Exercise aim
The answer should match the entries that follow exactly, except that no image appears in it.

++++ Records to use

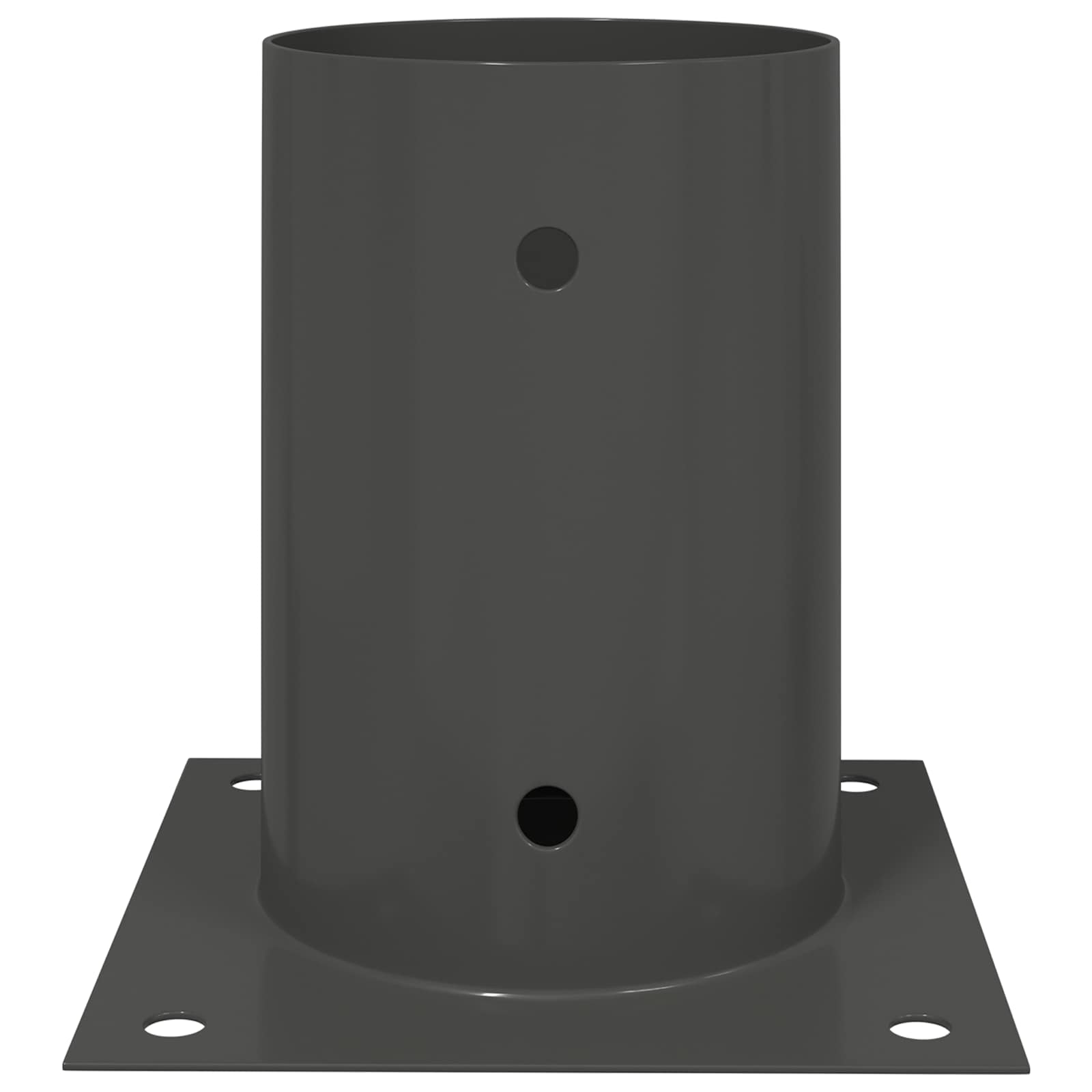 vidaXL Round Ground Anchor 12 pcs Anthracite 15 x 15 x 15 cm Metal 5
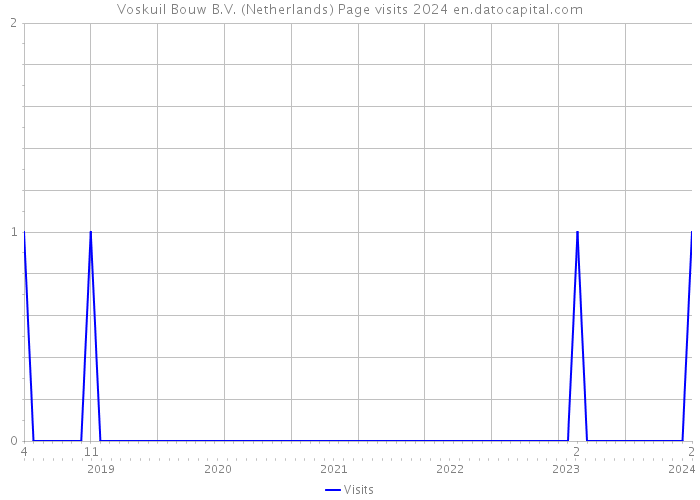 Voskuil Bouw B.V. (Netherlands) Page visits 2024 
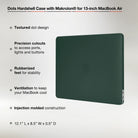 Dots Hardshell Case with Makrolon® for 13-inch MacBook Air (Retina, 2018-2019) | 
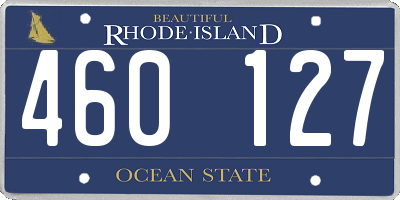 RI license plate 460127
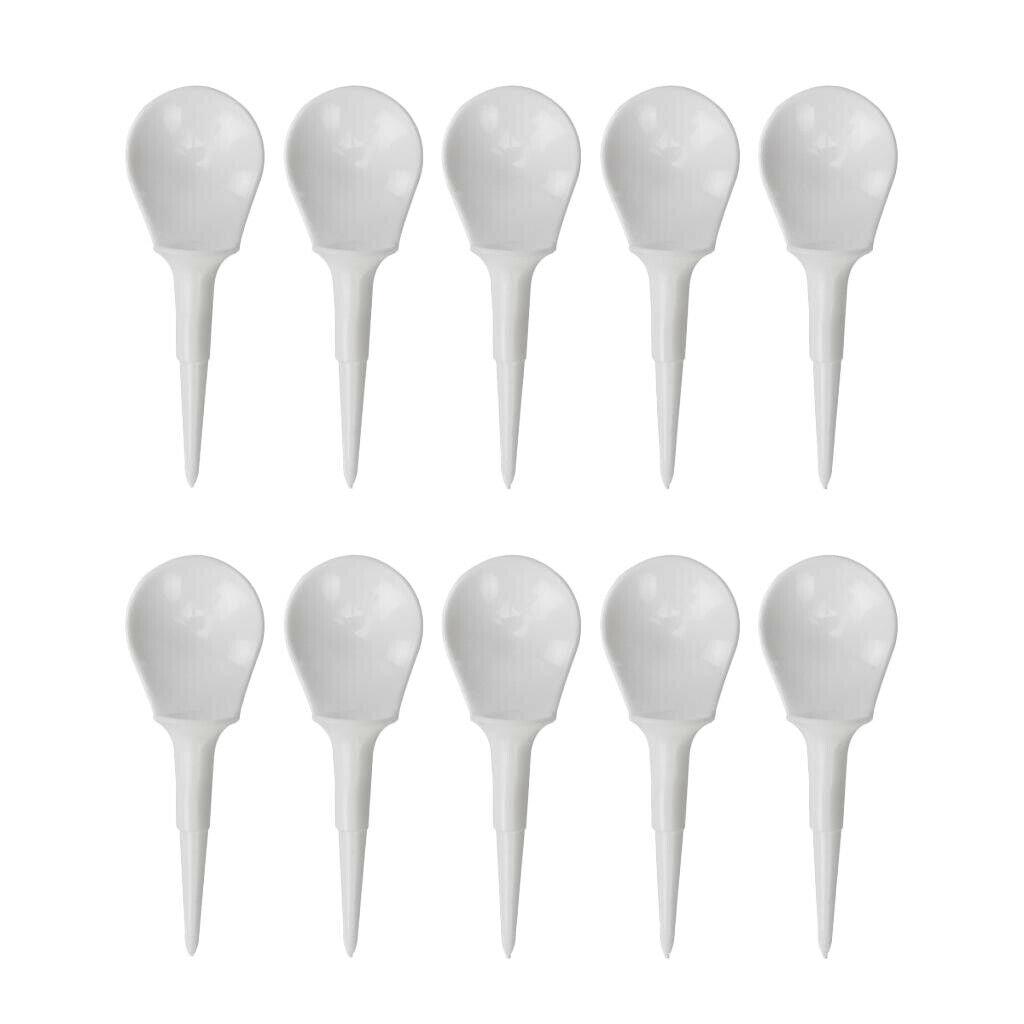 Pack of 10 Novelty Golf Tees Divot Tool Training Aids Plastic Tee Marker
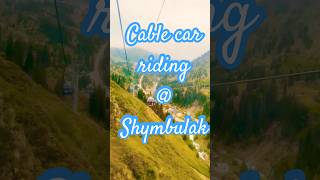 Kazakhstan travel vlog shortsfeed shorts shymbulak cablecar kazakhstanvlog ytshort ownvoice [upl. by Htiderem]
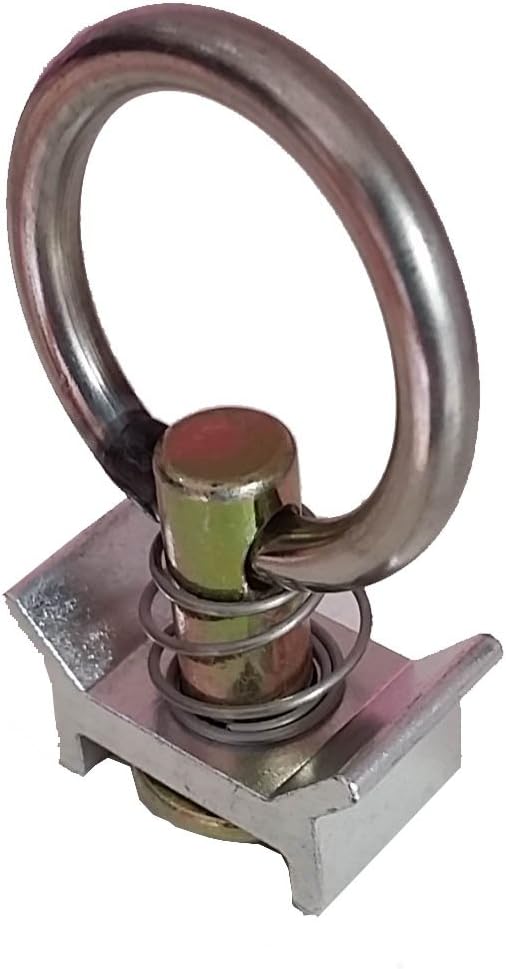 45mm Round L Track Tie Down System Kits-4Packs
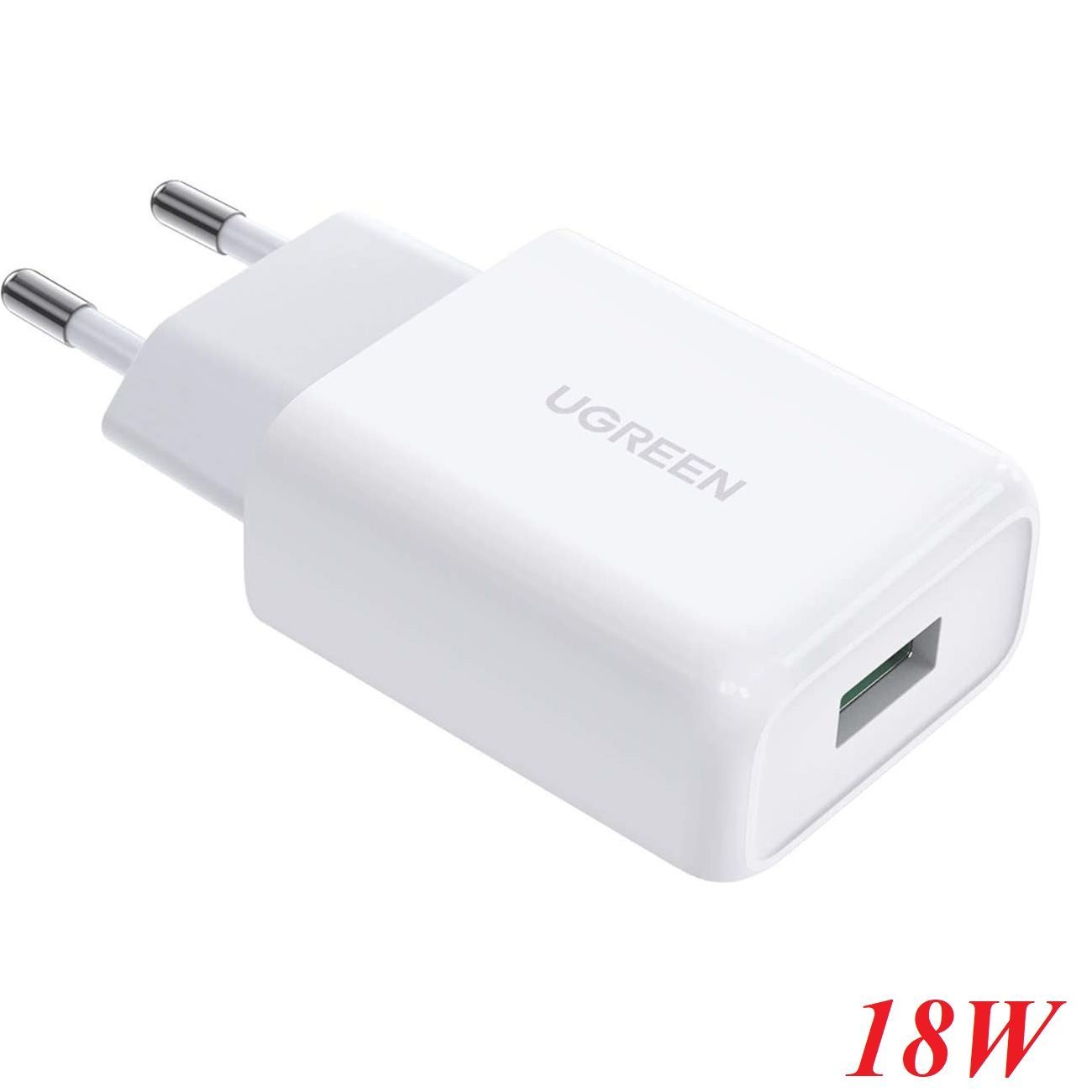 Ugreen 10133 USB A QC 3.0 18W Charger EU White CD122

++++++++

Task solution
 vidaXL Round Ground Anchor 12 pcs Anthracite 15 x 15 x 15 cm Metal 5
 Voskuil Bouw B.V. (Netherlands) Page visits 2024 
 Dots Hardshell Case with Makrolon® for 13-inch MacBook Air (Retina, 2018-2019) | 
 RI license plate 460127
 Pack of 10 Novelty Golf Tees Divot Tool Training Aids Plastic Tee Marker
 Kazakhstan travel vlog shortsfeed shorts shymbulak cablecar kazakhstanvlog ytshort ownvoice [upl. by Htiderem]
 45mm Round L Track Tie Down System Kits-4Packs
 Ugreen 10133 USB A QC 3.0 18W Charger EU White CD122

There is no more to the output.